Step 9: Install cuDNN 7.3.1:
NVIDIA cuDNN is a GPU-accelerated library of primitives for deep neural networks.
Goto https://developer.nvidia.com/cudnn and download Login and agreement required
After login and accepting agreement.
Download the following:
cuDNN v7.3.1 Library for Linux [ cuda 10.0]
Goto downloaded folder and in terminal perform following:
tar -xf cudnn-10.0-linux-x64-v7.3.1.20.tgz
sudo cp -R cuda/include/* /usr/local/cuda-10.0/include
sudo cp -R cuda/lib64/* /usr/local/cuda-10.0/lib64
Step 10: Install NCCL 2.3.5:
NVIDIA Collective Communications Library (NCCL) implements multi-GPU and multi-node collective communication primitives that are performance optimized for NVIDIA GPUs
Go to https://developer.nvidia.com/nccl/nccl-download and attend survey to download Nvidia NCCL.
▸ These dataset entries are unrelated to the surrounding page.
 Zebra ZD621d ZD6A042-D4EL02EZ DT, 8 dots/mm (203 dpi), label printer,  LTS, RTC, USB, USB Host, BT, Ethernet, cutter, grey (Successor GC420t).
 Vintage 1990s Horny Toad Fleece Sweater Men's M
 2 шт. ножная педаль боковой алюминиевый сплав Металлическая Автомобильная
Download following after completing survey.
Download NCCL v2.3.5, for CUDA 10.0 -> NCCL 2.3.5 O/S agnostic and CUDA 10.0
Goto downloaded folder and in terminal perform following:
tar -xf nccl_2.3.5-2+cuda10.0_x86_64.txz
cd nccl_2.3.5-2+cuda10.0_x86_64
sudo cp -R * /usr/local/cuda-10.0/targets/x86_64-linux/
sudo ldconfig
Step 11: Install Dependencies
Use following if not in active virtual environment.
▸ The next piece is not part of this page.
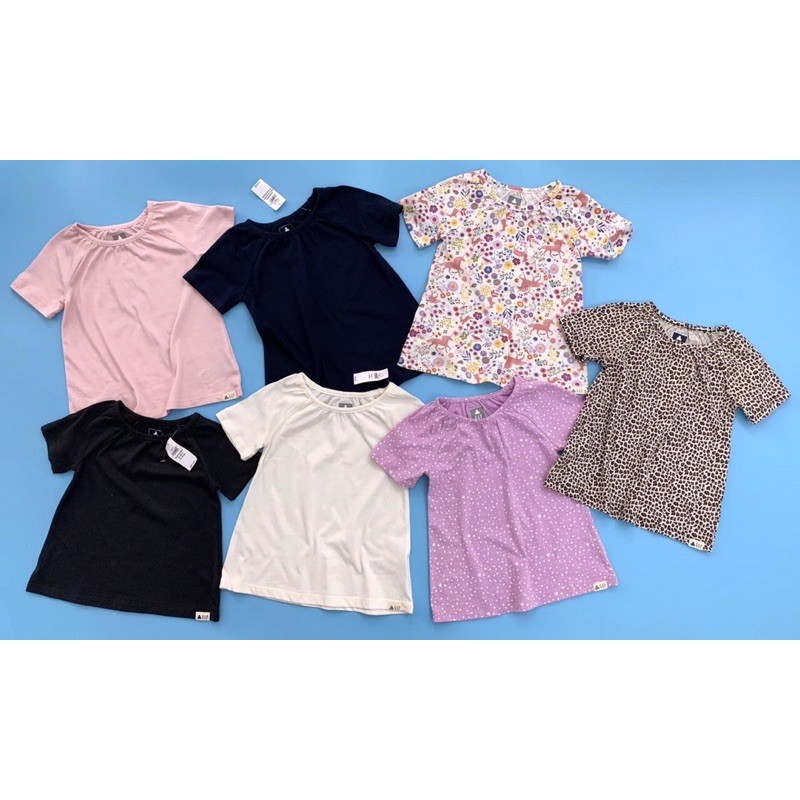 Áo cộc cho bé gái Baby GAP xuất dư xịn đẹp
pip install -U --user pip six numpy wheel mock
pip3 install -U --user pip six numpy wheel mock
pip install -U --user keras_applications==1.0.5 --no-deps
pip3 install -U --user keras_applications==1.0.5 --no-deps
pip install -U --user keras_preprocessing==1.0.3 --no-deps
pip3 install -U --user keras_preprocessing==1.0.3 --no-deps
Use following if in active virtual environment.
pip install -U pip six numpy wheel mock
pip install -U keras_applications==1.0.5 --no-deps
pip install -U keras_preprocessing==1.0.3 --no-deps
Step 12: Configure Tensorflow from source:
Download bazel:
cd ~/
wget https://github.com/bazelbuild/bazel/releases/download/0.17.2/bazel-0.17.2-installer-linux-x86_64.sh
chmod +x bazel-0.17.2-installer-linux-x86_64.sh
./bazel-0.17.2-installer-linux-x86_64.sh --user
echo 'export PATH="$PATH:$HOME/bin"' >> ~/.bashrc
Reload environment variables
source ~/.bashrc sudo ldconfig
Start the process of building TensorFlow by downloading latest tensorflow 1.12 .
cd ~/
git clone https://github.com/tensorflow/tensorflow.git
cd tensorflow
git checkout r1.12
./configure
Give python path in
Please specify the location of python. [Default is /usr/bin/python]: /usr/bin/python3
Press enter two times
Do you wish to build TensorFlow with Apache Ignite support? [Y/n]: Y
Do you wish to build TensorFlow with XLA JIT support? [Y/n]: Y
Do you wish to build TensorFlow with OpenCL SYCL support? [y/N]: N
Do you wish to build TensorFlow with ROCm support? [y/N]: N
Do you wish to build TensorFlow with CUDA support? [y/N]: Y
Please specify the CUDA SDK version you want to use. [Leave empty to default to CUDA 9.0]: 10.0
Please specify the location where CUDA 10.0 toolkit is installed. Refer to README.md for more details. [Default is /usr/local/cuda]: /usr/local/cuda-10.0
Please specify the cuDNN version you want to use. [Leave empty to default to cuDNN 7]: 7.3.1
Please specify the location where cuDNN 7 library is installed. Refer to README.md for more details. [Default is /usr/local/cuda-10.0]: /usr/local/cuda-10.0
Do you wish to build TensorFlow with TensorRT support? [y/N]: N
Please specify the NCCL version you want to use. If NCCL 2.2 is not installed, then you can use version 1.3 that can be fetched automatically but it may have worse performance with multiple GPUs. [Default is 2.2]: 2.3.5
Now we need compute capability which we have noted at step 1 eg. 5.0
Please note that each additional compute capability significantly increases your build time and binary size. [Default is: 5.0] 5.0
Do you want to use clang as CUDA compiler? [y/N]: N
Please specify which gcc should be used by nvcc as the host compiler. [Default is /usr/bin/gcc]: /usr/bin/gcc
Do you wish to build TensorFlow with MPI support? [y/N]: N
Please specify optimization flags to use during compilation when bazel option "--config=opt" is specified [Default is -march=native]: -march=native
Would you like to interactively configure ./WORKSPACE for Android builds? [y/N]:N
Configuration finished
Step 13: Build Tensorflow using bazel
The next step in the process to install tensorflow GPU version will be to build tensorflow using bazel. This process takes a fairly long time.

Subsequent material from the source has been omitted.